Parler en ayant tout le temps. Combien de fois dans une année peut-on rencontrer une personne en sachant que l’entretien n’aura pas d’échéance fixe ? Que de toute façon le confident pourra être disponible pendant des heures, peut-être pendant des jours, et que tout ce qui doit être dit peut venir sans précipitation, sans forcer. Et qu’ainsi une idée – aussi – peut faire son chemin. Les enseignants en communication nous font prendre conscience de la place du silence dans la phrase, avant une réponse, pour montrer comment ce vide de bruit est synonyme d’une profondeur qui s’installe, d’un plein de sens. La marche privilégie ce rythme d’échanges parce qu’on a le temps et plus encore parce que la respiration est nécessaire, le souffle vital… et la parole devient accessoire.
Se révéler dans la difficulté. Ce paramètre est plus criant lorsqu’on est en groupe. Tout seul on peut encore s’en faire accroire. La vie en groupe ne pardonne pas. Le regard des autres ne laisse pas passer l’écart de conduite. Ainsi le notable qui évite de partager sa gourde par peur du manque descend dans l’échelle humaine bien plus bas que le va-nu-pieds qui aide l’infortuné à porter son sac. Se sentir vulnérable tout seul peut nous déprimer, mais laisser affleurer sa vulnérabilité ou perdre le contrôle du bienséant devant ses pairs est encore un autre dépassement. La dynamique de groupe se régale dans le partage d’une telle expérience sur la durée.

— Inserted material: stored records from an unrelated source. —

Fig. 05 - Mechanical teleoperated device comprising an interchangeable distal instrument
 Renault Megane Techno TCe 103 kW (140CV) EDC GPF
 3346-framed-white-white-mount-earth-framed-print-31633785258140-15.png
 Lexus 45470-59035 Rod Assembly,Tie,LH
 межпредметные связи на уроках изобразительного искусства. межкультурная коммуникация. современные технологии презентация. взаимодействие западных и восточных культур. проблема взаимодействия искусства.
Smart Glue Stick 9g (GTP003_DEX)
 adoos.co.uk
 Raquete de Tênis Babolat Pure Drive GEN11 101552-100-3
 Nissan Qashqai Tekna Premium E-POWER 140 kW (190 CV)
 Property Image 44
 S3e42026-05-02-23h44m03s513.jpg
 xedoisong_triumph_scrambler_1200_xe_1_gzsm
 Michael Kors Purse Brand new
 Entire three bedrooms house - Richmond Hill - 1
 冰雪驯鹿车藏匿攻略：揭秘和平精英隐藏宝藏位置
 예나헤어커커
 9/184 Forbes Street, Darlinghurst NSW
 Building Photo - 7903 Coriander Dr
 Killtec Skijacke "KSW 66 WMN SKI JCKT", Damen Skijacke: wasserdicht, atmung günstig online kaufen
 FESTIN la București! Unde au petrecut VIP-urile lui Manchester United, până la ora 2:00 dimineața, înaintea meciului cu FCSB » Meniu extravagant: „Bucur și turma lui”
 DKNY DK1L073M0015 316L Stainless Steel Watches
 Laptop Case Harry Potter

Des nouveaux rôles apparaissent, il faudrait même dire de nouveaux personnages, insoupçonnés au départ, prennent place dans le groupe et on se surprend soi-même dans la peau du râleur, du sauveur, du professeur, puis quelques pas plus loin, surpris par un orage, une crampe, une erreur de direction, on basculera dans le rôle de l’assisté, de l’apprenti ou du bouc émissaire. Tout devient possible et même parfois on peut ne pas se reconnaître ! Ce qui approfondit encore la découverte de nos tréfonds, de nos ressources et de nos limitations.
Aux vertus de la marche en solitaire s’ajoute la confrontation aux miroirs qui veulent bien se présenter sur notre voie, qu’ils soient nos hôtes, nos guides ou nos compagnons de route. Entrer en relation c’est accepter d’entrer dans le relatif. En se confrontant aux éléments naturels, le marcheur revient à l’écoute de son corps et mesure la précarité de la survie. En communiquant avec ses pairs, l’humain relativise ses certitudes et ses valeurs. Partager sa peine la réduit, alors qu’une joie partagée s’amplifie.
A quoi sert notre passage sur cette terre, sinon retrouver l’essence de qui on est, le sens de ce que l’on fait, quoi de plus passionnant que de nous découvrir, de nous révéler ? Le temps consacré à la marche offre un contexte privilégié pour cheminer vers soi. Sur la durée d’un pèlerinage, la marche nous met dans une situation ou s’évaporent les faux-semblants, fondent les prétextes et disparaissent les échappatoires pour enfin nous retrouver, authentiques, les pieds sur terre.